Glider portfolios are equally as convenient and even more transparent than traditional ETFs. So now how does Glider solve for the ineffiencies of ETFs. Again, using the same list as above:
- Voting Rights ➡️ With Glider this goes beyond just getting voting rights. Yes, owning the underlying gives you governance rights for those tokens, but it also gives you the rights to other utility for those tokens: lending, staking, and claiming rewards like airdrops.
- Tax optimize ➡️ Holding the underlying means you can keep the winners and sell the losers. Copy the same tax strategy the ultra-wealthy are doing in their portfolios.
- Lending to short-sellers ➡️ Most major cryptocurrencies and soon onchain stocks will have lending markets. Investors can now earn yield on top of their holdings. You only get this functionality when you own the underlying. For those of you who are more crypto-centric, a lending protocol is never going to accept a random tokenized ETF as collateral.
- Liquidity ➡️ This has been a huge problem for all existing onchain ETFs because they tokenize the ETF. And that's not the right approach. Holding the underlying means you tap into the liquidity of the underlying.
- Customization ➡️ With Glider, you can choose the onchain assets and weights and change them at any time. Share your portfolios with friends or browse our explore page for ideas.

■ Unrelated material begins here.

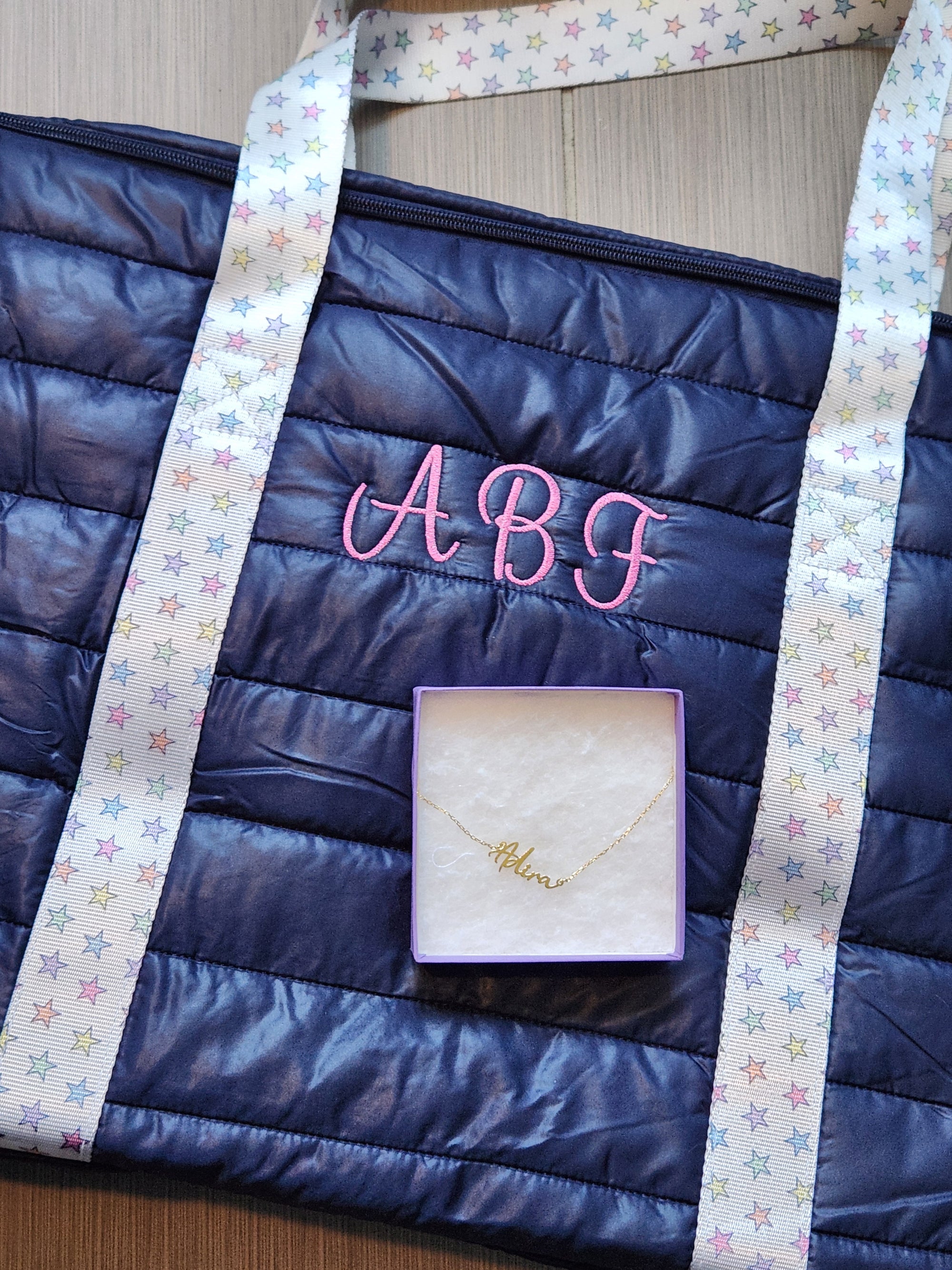 Navy Puffer Tote with Rainbow Star Strap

- No Tracking Error ➡️ Simply put, there's no tracking error when you hold the underlying.
- Fees ➡️ No middlemen, means there is nothing between you and your assets. We no longer need issuers who charge annual fees.
Glider takes the same simplicity that made ETFs successful, but upgrades it for the onchain era.
With Glider, investing should feel as simple as using a brokerage account, but with portfolios that are programmable, sovereign, and built to last.
Why This All Matters
Some attempts to bring ETFs onchain — from tokenized ETFs to vault strategies — replicate the wrapper and miss the point. They still don’t solve the structural flaws of ETFs: exposure without ownership, rigidity instead of adaptability, and middlemen in between.
The bigger opportunity is not to copy ETFs, but to surpass them entirely.
ETFs democratized investing for the 1990s. Onchain portfolios will do the same for the 2020s, but with lower costs, greater flexibility, and true sovereignty over your assets.
And with $15 trillion already sitting in ETFs today, the scale of what’s possible is clear.